I used that technique on an animal skin I had to make look like a freshly skinned rabbit for "The Wild Duck".

The drool on the vid you posted almost looked like water, but the KY jelly would be more viscous and perhaps more sinister. It would ooze out rather than pour.


----------



## GOT (Apr 17, 2007)

Thanks for the tip, except this guy will be drooling on the floor of the room and a little bit on the kids (it will appear behind and above them, reaching into the room with a long, snake-like neck). I think it would be best NOT to be drooling KY jelly onto my neighbor's kids.


----------



## Frighteners Entertainment (Jan 24, 2006)

quick dry epoxy will also do the trick, unless you need it to be flexible...then hot glue will work.


----------



## Bone Dancer (Oct 7, 2005)

Well, puff up you courage and just give it a try.Remember, not only will you be learning new skills to use later, but you will help to inspire all of us that wish we could do animation like that. Take a ton of pic and vids so you can make a great how-to later. Looking forward to seeing you work on this project.


----------



## RoxyBlue (Oct 6, 2008)

Like hedg12 said - go for it! Think of the video as an inspiration piece and just see how close you can come. It will be uniquely your own and you'll learn something new with every step.


----------



## The Watcher (Sep 13, 2008)

I like the head you are working with. Have you already installed the mechanical for the jaw? What kind of power will it use, air , servos?


----------



## fritz42_male (May 5, 2009)

GOT said:


> Thanks for the tip, except this guy will be drooling on the floor of the room and a little bit on the kids (it will appear behind and above them, reaching into the room with a long, snake-like neck). I think it would be best NOT to be drooling KY jelly onto my neighbor's kids.

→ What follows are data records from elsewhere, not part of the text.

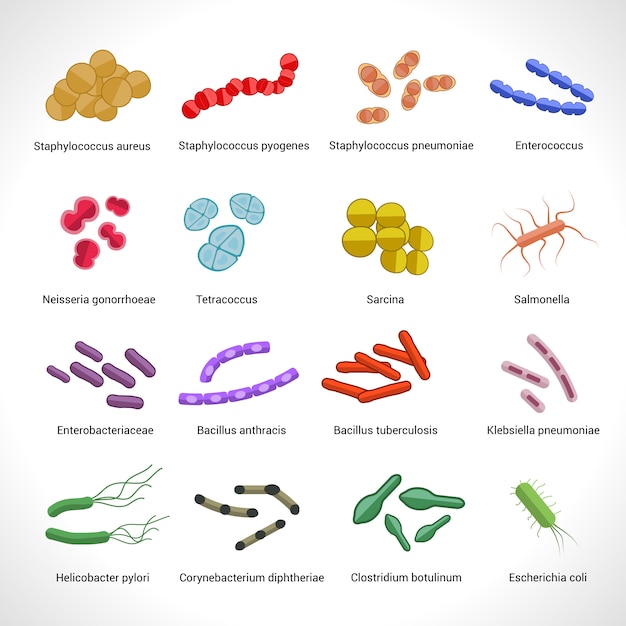 Vector gratuito conjunto de iconos de bacterias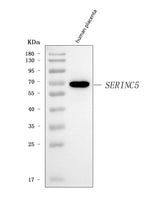 Anti-SERINC5 Antibody Picoband® Boster Bio
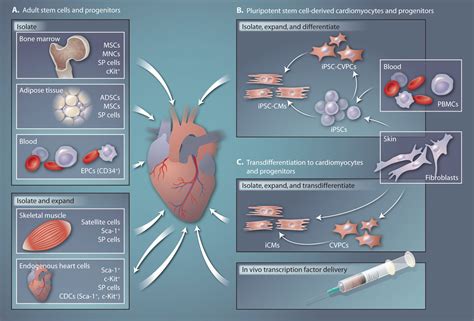 Human Stem Cells For Modeling Heart Disease And For Drug Discovery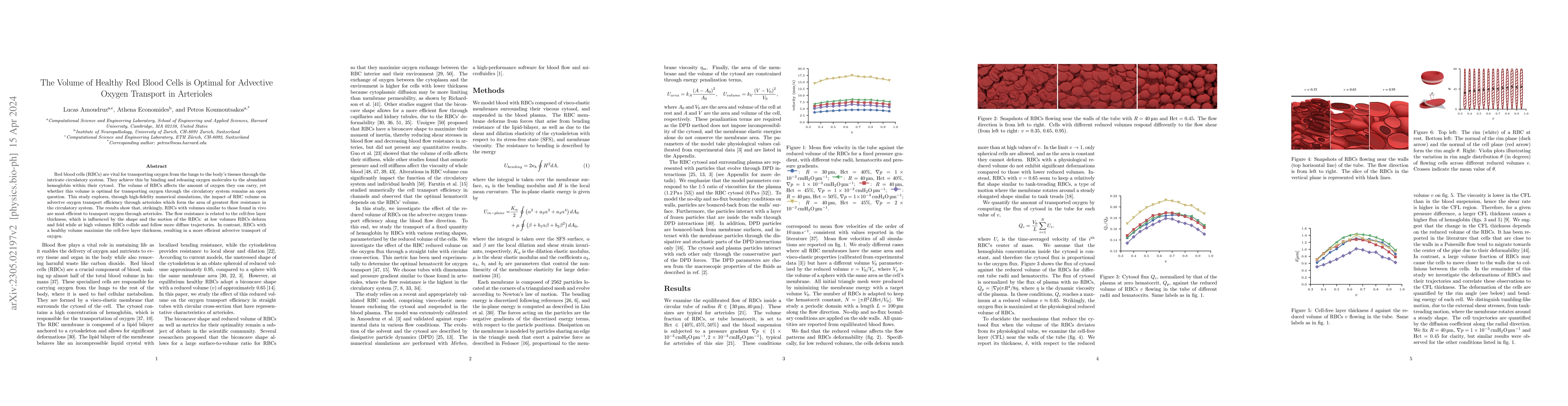 Thumbnail for The Volume of Healthy Red Blood Cells is Optimal for Advective Oxygen
  Transport in Arterioles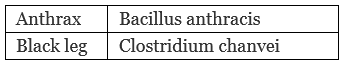 Economic Importance, Harmful Effects & Types of Bacteria | Additional Study Material for NEET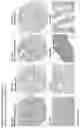 Fig. 233 - ANTI-VARIABLE MUC1* ANTIBODIES AND USES THEREOF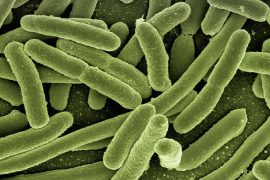2019/07/koli-bacteria-123081_1280.jpg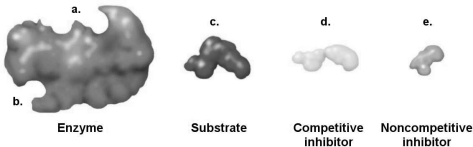 Figure 5.3    -How would a noncompetitive inhibitor interfere with a reaction involving the enzyme shown in Figure 5.3? A)  It would bind to a. B)  It would bind to b. C)  It would bind to c. D)  It would bind to d. E)  The answer cannot be determined based on the information provided.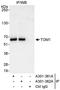 Target Of Myb1 Membrane Trafficking Protein antibody, A301-361A, Bethyl Labs, Immunoprecipitation image 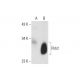 Pirh2 Antibody (E-11) - Western Blotting - Image 127430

How about water thickened with wallpaper paste?


----------



## Dark Angel 27 (Sep 11, 2008)

go for it and don't give up! i wish i could be of more help, but i'd be useless when it comes to mechanics...can't wait to see updates though! Ive seen this video before and its currently in my favorites on my old youtube account. Go for it with all you got!


----------



## GOT (Apr 17, 2007)

I hope to do most of it with servos. My current plan is one servo for the jaw, one for the top lip (the video has independent left-right snarl, I won't), one for the bottom lip. I will have glowing LED eyes and probably LEDs inside the mouth. The eyes won't move but I think I have a good way to make them look like they are always looking at you. The drool (I will stick with water because I do want to drool on a few kids) I will do with a squeeze bulb and the neck will be done by hand. I will use Dragon Skin for the skin. Latex would be easier, I think, but latex will break down after a few years and I want thins guy to last a while.


----------



## Psyc0 Walrus (Sep 1, 2009)

Frighteners Entertainment said:


> quick dry epoxy will also do the trick, unless you need it to be flexible...then hot glue will work.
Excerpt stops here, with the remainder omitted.